The state hopes to have a request for proposals out by the end of this year, with no timetable set beyond that.

A pre-release center holds prison inmates who are near the ends of their sentences. The concept is for them to hold jobs and gradually re-enter the outside world in their home areas under strict supervision.

Such centers exist in Missoula, Great Falls, Helena, Butte, Bozeman and Billings. None exist in Northwest Montana, which is why one is on the drawing board for the Flathead, Bob Anez, a state corrections department spokesman, said in a phone interview.

Missoula Correction Services operates only in Missoula.

The idea is for Northwest Montana inmates to go through a halfway house where they have family, friends and employers for support. The concept assumes that released inmates will return to their home towns regardless if they go through a halfway house or not.

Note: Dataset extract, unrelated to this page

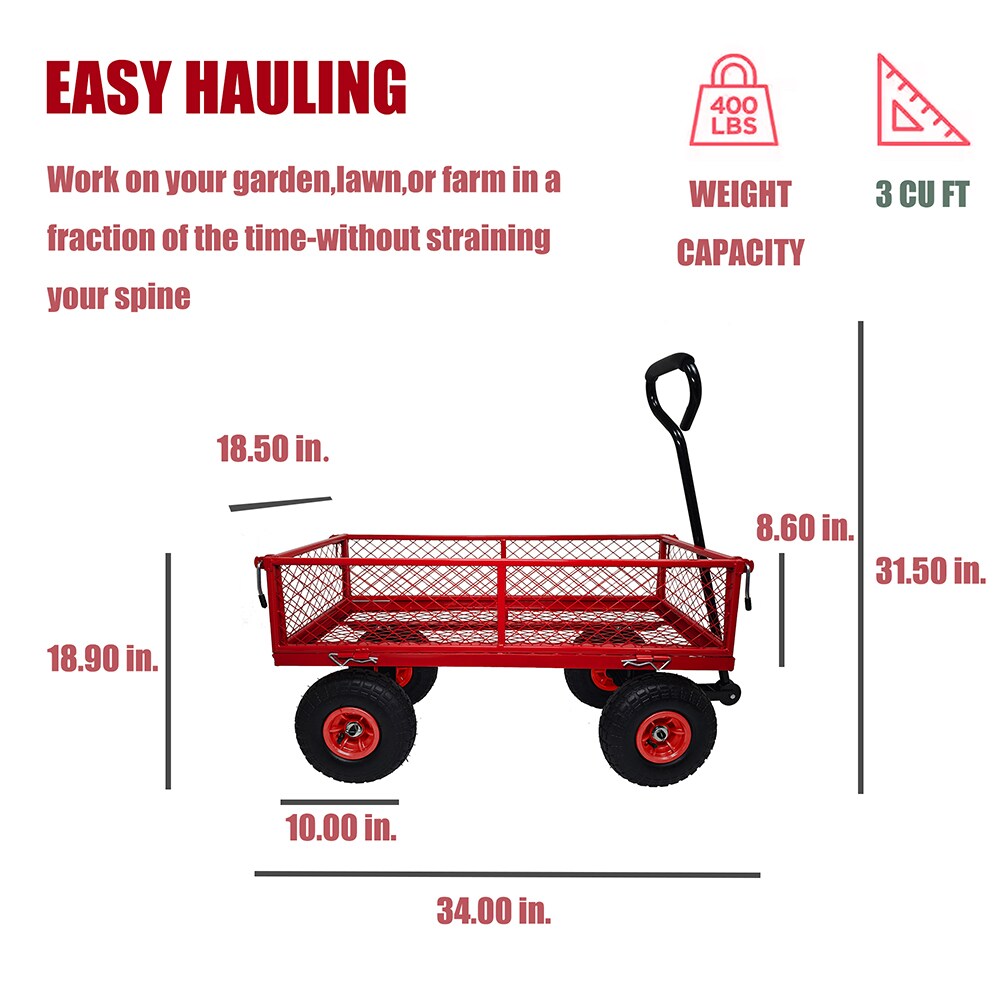 EXTRAUP YHLW1511114976 Yard-Carts - View #4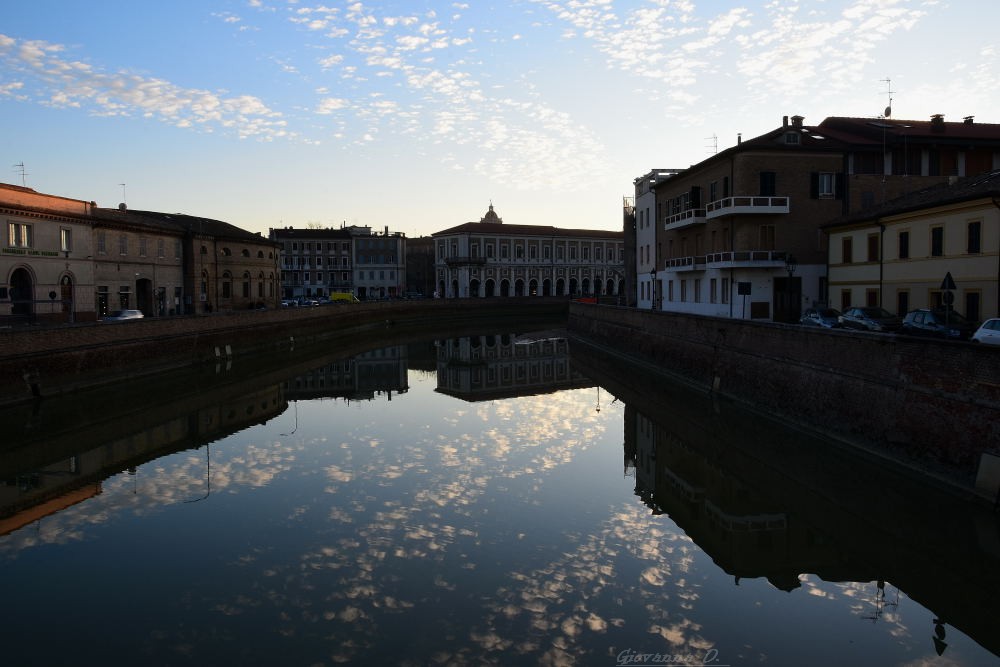 Senigallia reflected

Flathead County is the state's third-largest contributor to Montana's prisons, Kerry Pribnow, the state's contract manager for the pre-release program, said in a phone interview. The county has 1,200 to 1,400 offenders in the system, with roughly 800 on probation or parole.

No figures exist on how many of a pre-release center's residents eventually return to crime.

This year, the Legislature appropriated $1.9 million for a potential Flathead project.

The state is considering one option of putting a 40-bed facility in Flathead County with Kalispell being the most likely spot - along with a 20-bed facility for American Indians on the Flathead Reservation. The centers would not have bars or fences.

Sue Wilkins, executive director of Missoula Correction Services, speculated that a potential 40-bed Flathead facility could later be expanded to 80 beds.

Pribnow said five of the six other pre-release centers have been expanded. The exception is the Bozeman site, which is new.

The 40,000-square-foot, 110-bed Missoula Correction Services site employs 56 people.

In fiscal:

. 2002-03, it held 185 inmates. Forty-eight were sent back to prison. One escaped. Two finished their sentences. The rest moved on to the suspended or parole segments of their sentences.

. 2003-04, it held 266 inmates. Fifty-two were sent back to prison. Three escaped. Seven finished their sentences. The rest moved to the suspended or parole segments of their sentences.

. 2004-05, it held 288 inmates. Forty-seven were sent back to prison. One escaped. Fourteen finished their sentences. The rest moved to the suspended or parole segments of their sentences.

. 2005-06, it held 269 inmates. Thirty-nine were sent back to prison. Two escaped. Ten finished their sentences. The rest moved to the suspended or parole segments of their sentences.

A committee of state, local and center representatives screen inmates for a pre-release facility. Some communities have forbidden sex offenders at their centers.

"I've heard very clearly from this community that sex offenders would not be accepted," Wilkins said.

All center residents must have jobs, with the facility helping them obtain work. Pribnow said employers like pre-release workers because the state supervises their attendance and reliability.

The center's inmates would be charged $12 a day of their own money to live in the facility, which would include a kitchen, drug tests and counseling, Wilkins said.

The state prefers that the centers be in cities because the inmates are not allowed vehicles and must be able to make it to work.

"It has to be in the community. It can't be isolated because they're working in the community," Flathead County District Judge Ted O. Lympus said at Tuesday's meeting.

Inmates are heavily scheduled - including when they can be inside and outside the center - with security officers checking on them, Wilkins said. She said Missoula Correction Services is tough about sending inmates back to prison if they violate rules.

Missoula Correction Services has not yet located a Flathead site to put in its bid for the contract.

Wilkins and several of the 16 local leaders at Tuesday's meetings assumed that a town will accept a pre-release center until an actual site is selected. Then they expected the selected neighborhood to oppose such a center in its midst.

Lympus said: "This sounds like something people would support, unless they found it in their neighborhood. … It's something that we would have to sell."